En 1996, je suis depuis peu directeur du CRI (Centre de ressources informatiques), un centre sans matériel ou presque : le gros ordinateur a été démonté et il ne reste que deux machines que les informaticiens ont appelés par dérision « Alpha et Oméga », un centre sans ressources propres, un centre avec du personnel très compétent mais dans l’expectative.

C’est là de nouveau que les réalisations de câblage que tu as initiées, vont jouer un grand rôle. Le réseau de fibres va permettre la liaison entre un futur gros ordinateur central et les terminaux disséminés dans les labos. Et de surcroît, en tant que vice-président, tu vas faire en sorte de doter le centre d’une ligne particulière dans le budget de l’université. On peut appeler cela « un suivi jusque dans les détails ».

Parallèlement, avec ton appui, se développent les TIC (Technologies de l'information et de la communication) et un nouveau service va voir le jour sous l'impulsion de Monique Vindevoghel et de Jean-Marie Blondeau.

Ainsi depuis les premières années d'enseignement jusqu'aux masters, toute une filière, sans oublier les infrastructures et les outils, tu participes au développement de l’université et tu sais entraîner ici et là les acteurs de ce développement.

Mais formidable lanceur de projets, tu sais laisser à d'autres le soin de les faire vivre en toute autonomie.

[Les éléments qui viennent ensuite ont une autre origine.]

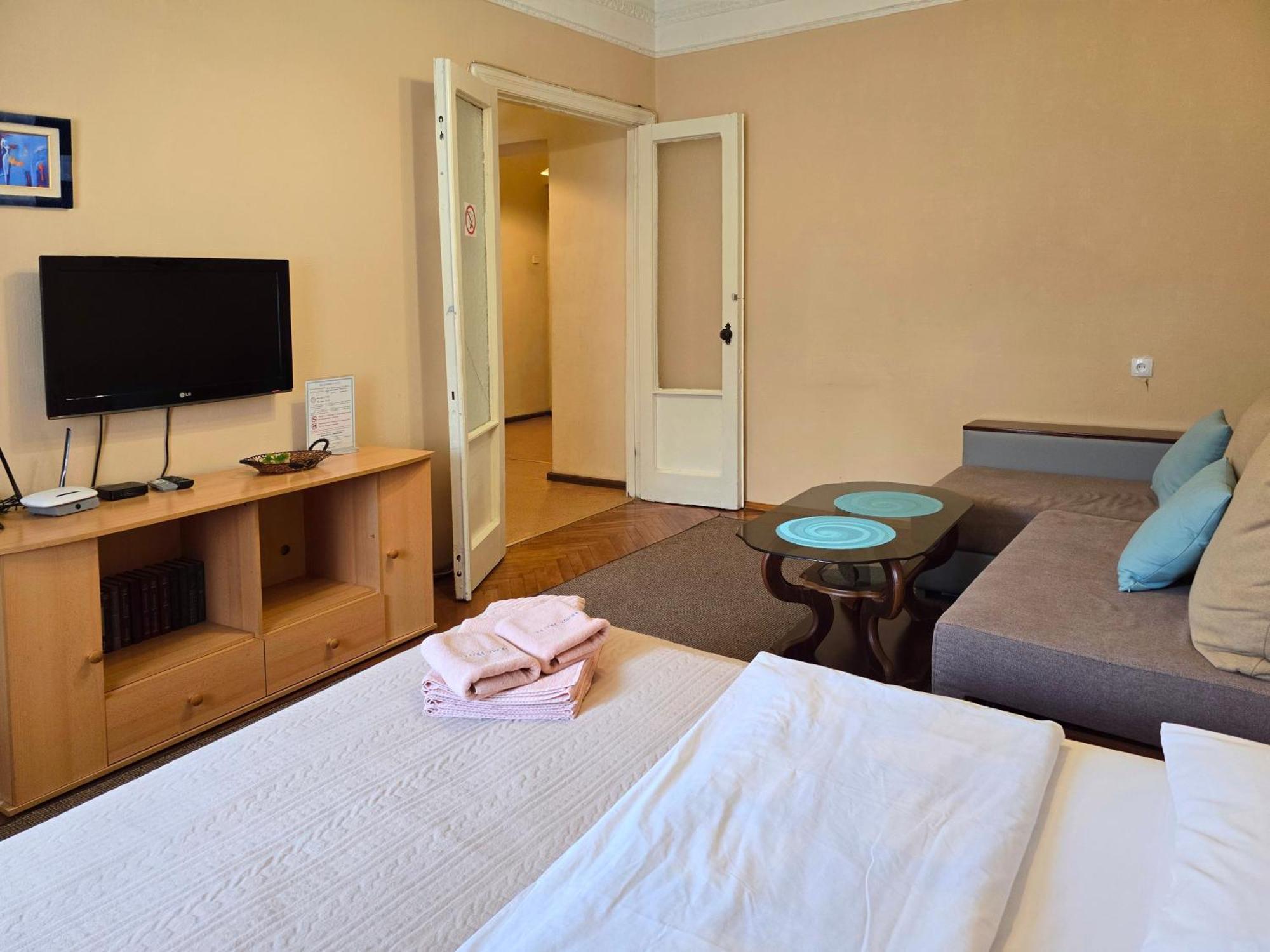 Home Hotel Apartments On Lva Tolstogo Kijów Zewnętrze zdjęcie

Je reprends ici les propos de Jacques Duveau (ancien président de l’Université) : « Visionnaire et créatif, Henri l’était incontestablement mais il y a un autre aspect que je voudrais souligner. C’est celui du souci de la transmission. Henri ne se considérait pas comme propriétaire de ce qu’il avait réalisé. Il a su repérer les talents pour poursuivre ce qu’il avait engagé en s’inscrivant complètement dans une logique de service public ».

À sa retraite Henri fut président de l’ASA de 2003 à 2007.

En 2006 j’avais entendu parler du voyage fameux et atypique qu’il avait organisé en Roumanie. Ce qui a motivé mon inscription. Et là, je découvre un foisonnement de nouvelles idées : les ateliers : chorale, patchwork, informatique, peinture, terre et mosaïque dont tu seras l’animateur jusqu’à l’an passé et le créateur d’œuvres magnifiques. Puis les conférences que tu appelles « Rendez vous 17 - 19 ».

C’est aussi à cette époque qu’est créé le prix mis en place grâce au don d’André Lebrun.

L’activité voyage est renforcée... avec ambiance : on se souvient du limoncello en Sicile, de la vodka en Pologne ou à l'occasion d'un whisky bien tourbé.

Sans vraiment insister, tu m’as suggéré d’aider à alimenter le site web de l’association. Un peu inconsciemment je me suis embarqué dans cette tâche qui encore aujourd’hui me colle aux doigts comme le sparadrap aux doigts du capitaine Haddock.

Et puis tu as motivé un successeur en la personne de Jo (Joseph Losfeld) qui t’a succédé comme président de l'ASA et qui est, lui aussi, devenu ton ami. Sous l'impulsion donnée, le nombre d'adhérents a grandement augmenté et les activités n'ont fait que prospérer.

Pour toi, optimiste et jamais à court d'idées, il n'y avait pas de problèmes, mais seulement des solutions.

Les solutions d’un « sage » qu’on avait plaisir à consulter.

Tu nous manques déjà.

Nous pensons beaucoup à Danielle, à sa famille, à ses petits et arrières-petits-enfants.

Ta disparition va laisser un grand vide.

Tu vas manquer à beaucoup de monde.

Mais ton souvenir restera bien vivant encore longtemps.